/exact-distinct-count-aggregator

Druid exact distinct count aggregator

Primary LanguageJavaApache License 2.0Apache-2.0

Important

This extension was moved to https://github.com/deep-bi/deep-druid-extensions/tree/main. Please find the releases for latest Druid versions here.

Druid exact distinct count aggregator

Provides a more reliable and efficient way to count the number of unique values in a column than existent approximate aggregators.

This aggregator uses a HashSet to store the unique values, which provides constant-time lookup and insertion.

Nulls and empty strings are ignored by the aggregator. This means that they will not be counted as unique values.

To use this Apache Druid extension, include exact-distinct-count-aggregator in the extensions load list.

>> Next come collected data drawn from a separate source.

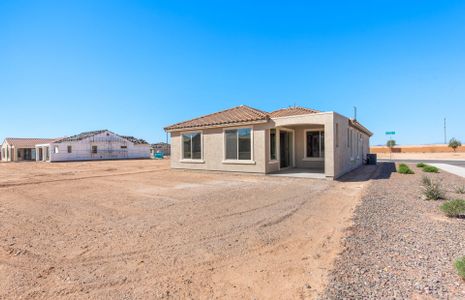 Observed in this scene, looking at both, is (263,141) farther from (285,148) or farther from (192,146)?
(192,146)

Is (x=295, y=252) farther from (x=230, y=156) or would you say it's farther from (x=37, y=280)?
(x=230, y=156)

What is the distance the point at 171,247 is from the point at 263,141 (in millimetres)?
10030

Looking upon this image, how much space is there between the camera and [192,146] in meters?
17.6

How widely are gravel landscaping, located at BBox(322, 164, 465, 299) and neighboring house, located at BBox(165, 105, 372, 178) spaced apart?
6799mm

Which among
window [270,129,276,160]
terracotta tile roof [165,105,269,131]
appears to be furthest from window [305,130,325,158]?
terracotta tile roof [165,105,269,131]

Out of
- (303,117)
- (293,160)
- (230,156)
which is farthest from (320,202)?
(293,160)

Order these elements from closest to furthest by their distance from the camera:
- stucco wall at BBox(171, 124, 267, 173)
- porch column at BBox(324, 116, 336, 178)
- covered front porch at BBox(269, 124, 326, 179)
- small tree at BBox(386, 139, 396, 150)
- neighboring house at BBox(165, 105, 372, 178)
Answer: porch column at BBox(324, 116, 336, 178), neighboring house at BBox(165, 105, 372, 178), stucco wall at BBox(171, 124, 267, 173), covered front porch at BBox(269, 124, 326, 179), small tree at BBox(386, 139, 396, 150)

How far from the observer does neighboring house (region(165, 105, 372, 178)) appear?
507 inches

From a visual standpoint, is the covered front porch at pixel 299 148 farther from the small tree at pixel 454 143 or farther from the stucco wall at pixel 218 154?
the small tree at pixel 454 143

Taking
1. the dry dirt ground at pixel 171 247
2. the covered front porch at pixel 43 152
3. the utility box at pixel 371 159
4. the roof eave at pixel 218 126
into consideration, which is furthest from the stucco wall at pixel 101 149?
the utility box at pixel 371 159

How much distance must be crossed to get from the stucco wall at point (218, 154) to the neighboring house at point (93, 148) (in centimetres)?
2866

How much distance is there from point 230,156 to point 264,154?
252cm

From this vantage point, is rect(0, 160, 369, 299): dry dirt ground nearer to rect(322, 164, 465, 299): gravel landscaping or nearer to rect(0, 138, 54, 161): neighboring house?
rect(322, 164, 465, 299): gravel landscaping

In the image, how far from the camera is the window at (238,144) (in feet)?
47.7
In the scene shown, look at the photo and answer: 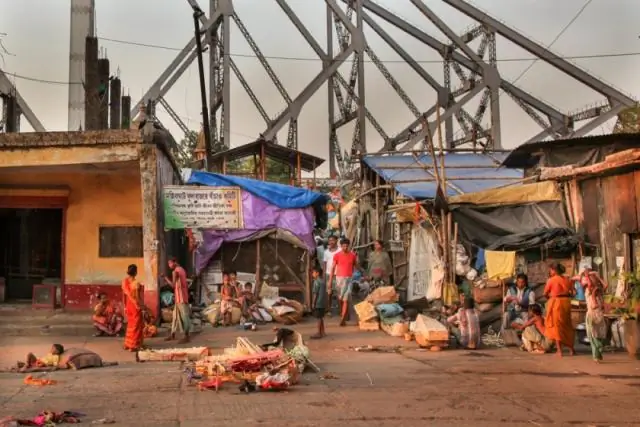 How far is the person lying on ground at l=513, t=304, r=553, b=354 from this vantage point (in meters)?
9.80

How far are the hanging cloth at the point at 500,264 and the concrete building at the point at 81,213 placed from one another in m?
6.24

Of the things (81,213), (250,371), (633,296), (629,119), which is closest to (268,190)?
(81,213)

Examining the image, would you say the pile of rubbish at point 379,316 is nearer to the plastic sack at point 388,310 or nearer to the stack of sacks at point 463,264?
the plastic sack at point 388,310

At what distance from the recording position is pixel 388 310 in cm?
1219

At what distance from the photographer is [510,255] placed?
12.0 metres

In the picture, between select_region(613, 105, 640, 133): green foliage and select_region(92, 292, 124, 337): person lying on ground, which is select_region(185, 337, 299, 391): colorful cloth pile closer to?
select_region(92, 292, 124, 337): person lying on ground

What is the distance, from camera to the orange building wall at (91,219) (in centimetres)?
1327

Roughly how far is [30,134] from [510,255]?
9.02 meters

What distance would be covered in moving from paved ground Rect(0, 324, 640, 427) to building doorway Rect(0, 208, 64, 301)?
16.9ft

You can add it to your Druid native query as follows:

{
  "queryType": "timeseries",    
  "dataSource": {
    "type": "table",
    "name": "wikipedia"
  },
  "intervals": {
    "type": "intervals",
    "intervals": [
      "-146136543-09-08T08:23:32.096Z/146140482-04-24T15:36:27.903Z"
    ]
  },
  "filter": {
    "type": "not",
    "field": {
      "type": "expression",
      "expression": "isNew"
    }
  },
  "granularity": {
    "type": "all"
  },
  "aggregations": [
    {      
      "type": "exactDistinctCount", 
      "name": "test",                 // name to be displayed
      "fieldNames": ["comment", "cityName"],         // fields to be counted
      "maxNumberOfValues": 5000     
      "failOnLimitExceeded": true    
    }
  ]
}

Configuration options

Name Description Possible Values Default
maxNumberOfValues Max number of values to be aggregated Positive Integer 10000
failOnLimitExceeded Defines behavior on reaching the limit.
true: throwing an exception
false: logging warning and returning the limit value
Boolean False

Limitations

  • Aggregator is not supported in GroupBy queries.